How to complete this task: Output the entries word for word. Omit images.

Crawled caption data:
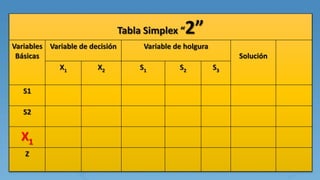 Tabla Simplex “2”
Variables
Básicas
Variable de decisión Variable de holgura
Solución
X1 X2 S1 S2 S3
S1
S2
X1
Z
 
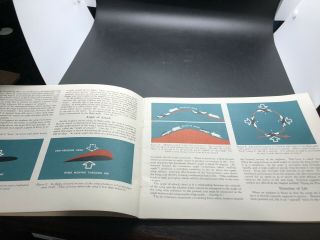 1955 Facts Of Flight Book Operation Of Private Aircraft 2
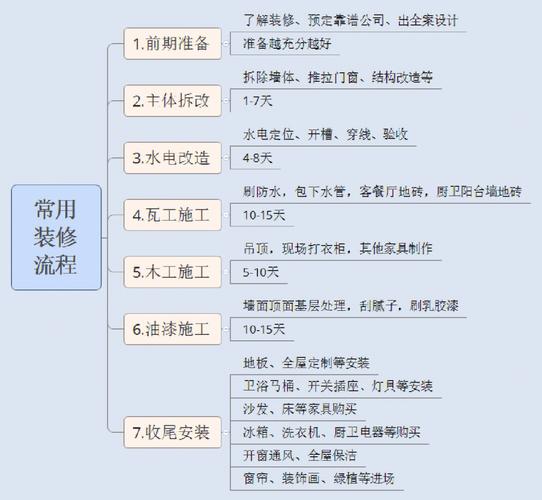 装修小白速成班:一站式装修流程全掌握!(装修速成班流程施工一站式) 建筑知识 装修小白速成班:一站式装修流程全掌握!(装修速成班流程施工一站式) 建筑知识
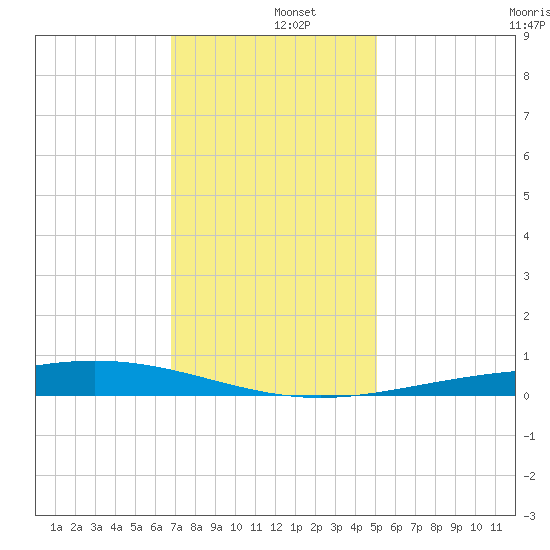 Pelican Islands tide chart for Thursday, December 15, 2022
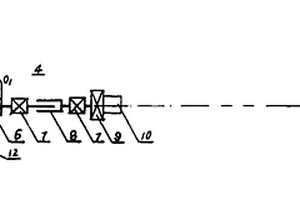 一端鉸支另一端圓周運動桁架設(shè)備周邊驅(qū)動自糾偏動力頭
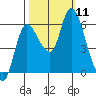 Altoona tide chart for Monday, October 11, 2021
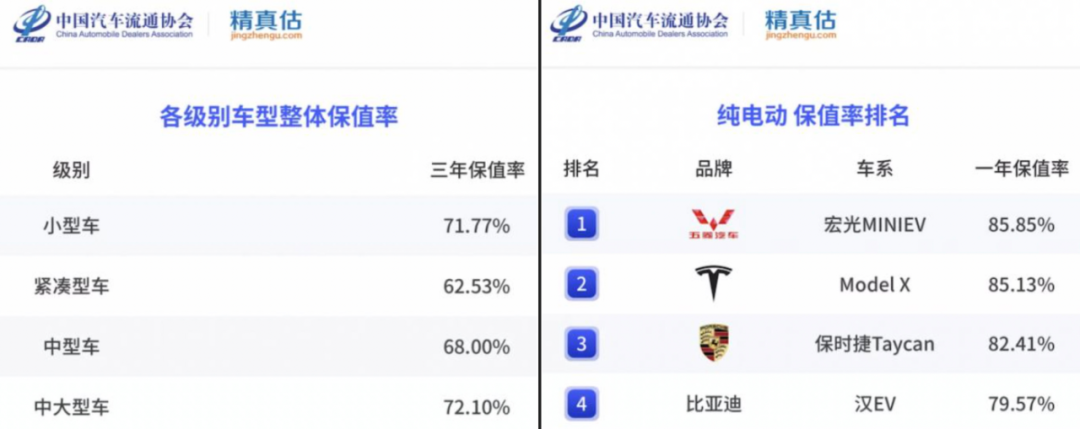 特斯拉卖二手还能赚6万？跑了5万公里的那种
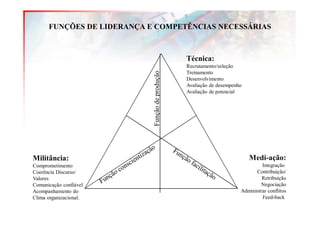 FUNÇÕES DE LIDERANÇA E COMPETÊNCIAS NECESSÁRIAS



                                                 Técnica:
                                                 Recrutamento/seleção
                                                 Treinamento




                            Função de produção
                                                 Desenvolvimento
                                                 Avaliação de desempenho
                                                 Avaliação de potencial




Militância:                                                                Medi-ação:
Comprometimento                                                                 Integração
Coerência Discurso/                                                          Contribuição/
Valores                                                                         Retribuição
Comunicação confiável                                                           Negociação
Acompanhamento do                                                      Administrar conflitos
Clima organizacional.                                                           Feed-back
 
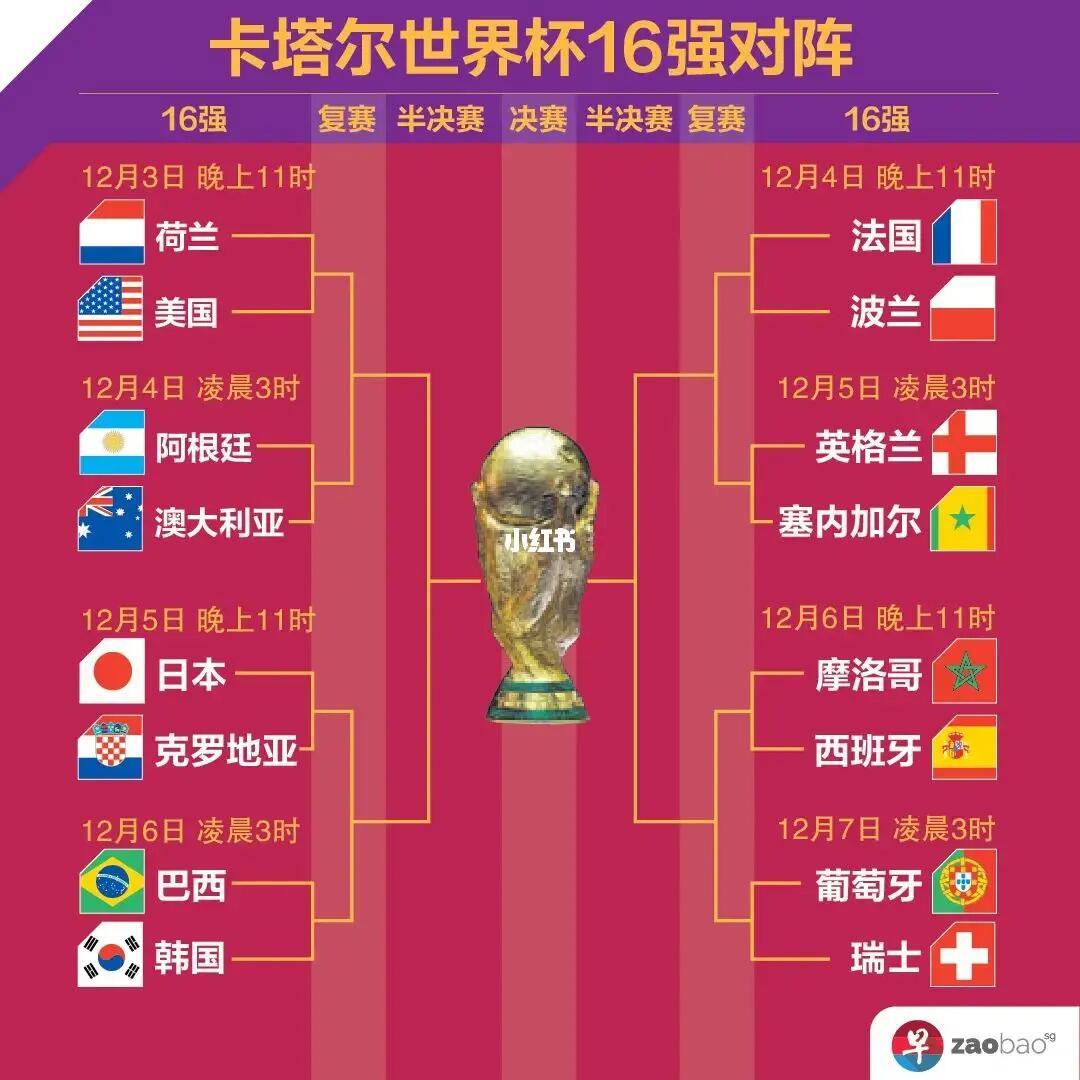 回避的人
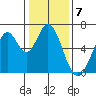 San Mateo Bridge east tide chart for Saturday, January 7, 2023
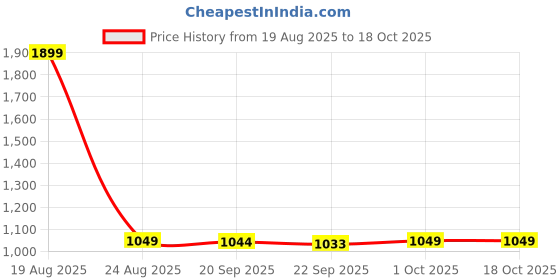 myntra.com HOKIPO Orange & Brown 2 seater Printed Polyester Sofa Cover hokipo Price History Graph from 19 Aug 2025 to 18 Oct 2025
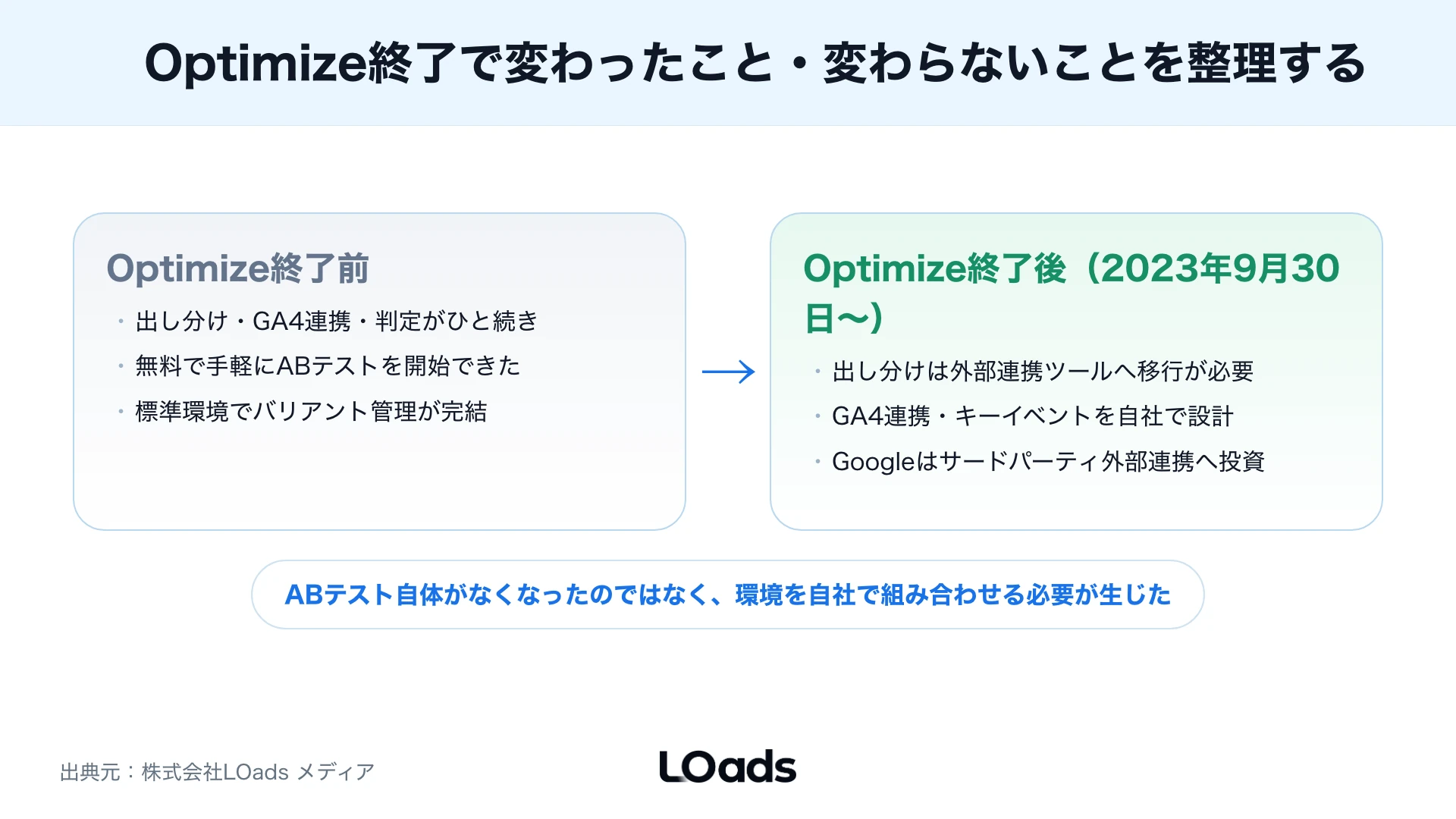 Google Optimize代替環境をURL分割、広告実験、有料ツールの条件で選ぶ判断図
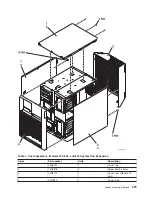 Preview for 387 page of IBM 270 Service Manual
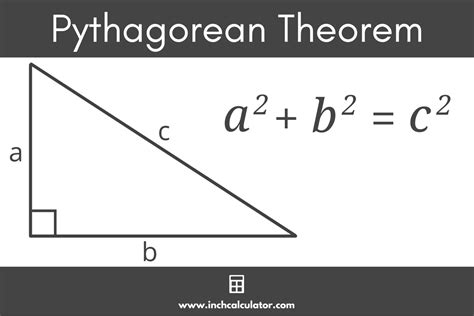 Right Triangle Pythagorean Theorem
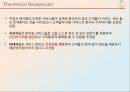 Customer Reactions to Service Separation 7페이지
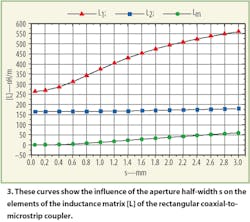 Mwrf Com Sites Mwrf com Files Uploads 2016 01 Figure 03 2 Mwrf Com Sites Mwrf com Files Uploads 2016 01 Figure 03 2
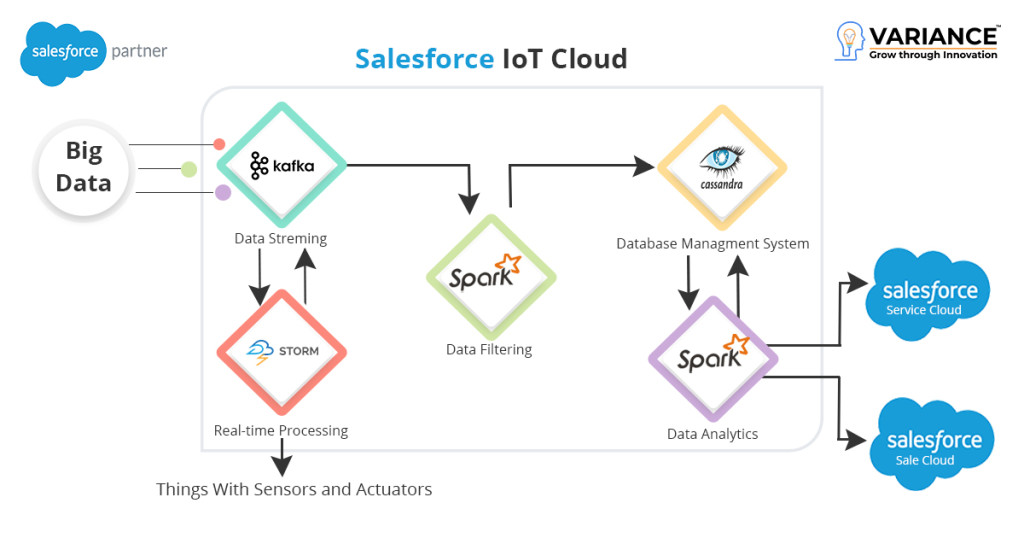 What is IoT? and Benefits of Salesforce IoT Cloud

Output of the exercise:
 Tabla Simplex “2”
Variables
Básicas
Variable de decisión Variable de holgura
Solución
X1 X2 S1 S2 S3
S1
S2
X1
Z
 
 1955 Facts Of Flight Book Operation Of Private Aircraft 2
 装修小白速成班:一站式装修流程全掌握!(装修速成班流程施工一站式) 建筑知识 装修小白速成班:一站式装修流程全掌握!(装修速成班流程施工一站式) 建筑知识
 Pelican Islands tide chart for Thursday, December 15, 2022
 一端鉸支另一端圓周運動桁架設(shè)備周邊驅(qū)動自糾偏動力頭
 Altoona tide chart for Monday, October 11, 2021
 特斯拉卖二手还能赚6万？跑了5万公里的那种
 FUNÇÕES DE LIDERANÇA E COMPETÊNCIAS NECESSÁRIAS



                                                 Técnica:
                                                 Recrutamento/seleção
                                                 Treinamento




                            Função de produção
                                                 Desenvolvimento
                                                 Avaliação de desempenho
                                                 Avaliação de potencial




Militância:                                                                Medi-ação:
Comprometimento                                                                 Integração
Coerência Discurso/                                                          Contribuição/
Valores                                                                         Retribuição
Comunicação confiável                                                           Negociação
Acompanhamento do                                                      Administrar conflitos
Clima organizacional.                                                           Feed-back
 
 回避的人
 San Mateo Bridge east tide chart for Saturday, January 7, 2023
 myntra.com HOKIPO Orange & Brown 2 seater Printed Polyester Sofa Cover hokipo Price History Graph from 19 Aug 2025 to 18 Oct 2025
 Google Optimize代替環境をURL分割、広告実験、有料ツールの条件で選ぶ判断図
 Preview for 387 page of IBM 270 Service Manual
 Right Triangle Pythagorean Theorem
 Customer Reactions to Service Separation 7페이지
 Mwrf Com Sites Mwrf com Files Uploads 2016 01 Figure 03 2 Mwrf Com Sites Mwrf com Files Uploads 2016 01 Figure 03 2
 What is IoT? and Benefits of Salesforce IoT Cloud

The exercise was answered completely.